Exclusive research: Pensions Insight finds the industry split over the suitability of default funds and whether there should be one default fund, or many

Readers were exactly split over whether the scheme’s default fund will give members enough savings to provide a decent income in retirement (see right).

“This is quite an interesting one because what that’s saying is we think that the members’ attitudes and circumstances should be taken into account,” says Hargreaves Lansdown’s Laith Khalaf.

“But that can’t really be incorporated within a default fund because if you start having lots of default funds, you don’t have a default fund any more. What you have is a fund choice.”

Opinions also sharply differed on whether employers should offer more than one default fund.

“Some organisations lend themselves to having different default funds,” says Helen Ball of Sackers, who uses the example of a large company with a wide range of workers, who are likely to have different retirement needs and indeed retirement dates.

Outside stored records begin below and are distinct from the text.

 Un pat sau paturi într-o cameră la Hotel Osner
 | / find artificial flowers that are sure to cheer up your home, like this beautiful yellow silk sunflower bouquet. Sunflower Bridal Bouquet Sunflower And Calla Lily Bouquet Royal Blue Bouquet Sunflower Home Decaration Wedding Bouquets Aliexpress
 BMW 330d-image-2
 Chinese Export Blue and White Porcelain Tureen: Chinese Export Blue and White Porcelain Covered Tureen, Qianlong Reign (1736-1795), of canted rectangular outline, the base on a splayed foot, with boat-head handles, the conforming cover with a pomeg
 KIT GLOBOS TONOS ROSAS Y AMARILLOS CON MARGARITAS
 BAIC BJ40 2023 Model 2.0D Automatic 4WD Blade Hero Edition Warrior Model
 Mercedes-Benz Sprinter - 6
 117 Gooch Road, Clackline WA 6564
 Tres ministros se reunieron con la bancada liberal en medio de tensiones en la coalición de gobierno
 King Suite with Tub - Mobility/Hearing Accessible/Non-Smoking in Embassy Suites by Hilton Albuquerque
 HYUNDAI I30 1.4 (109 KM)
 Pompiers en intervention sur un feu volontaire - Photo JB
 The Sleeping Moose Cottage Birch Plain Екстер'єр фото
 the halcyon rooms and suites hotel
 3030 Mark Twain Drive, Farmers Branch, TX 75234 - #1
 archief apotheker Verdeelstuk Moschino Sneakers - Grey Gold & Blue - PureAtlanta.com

The bigger the organisation, the more chance there is that you would have different default funds

“The bigger the organisation, the more chance there is that you would have different default funds,” explains Ball.

Stephen Lefley, director, corporate distribution, for Zurich Corporate Savings, argues contribution levels are much more important than the default fund.

“[Insufficient contribution rates] are going to be the biggest undoing of this vast new population in DC,” he predicts.

“It’s up to us, actually, to be quite clever here and to get the best outcomes at retirement possible with them having very little engagement ever.”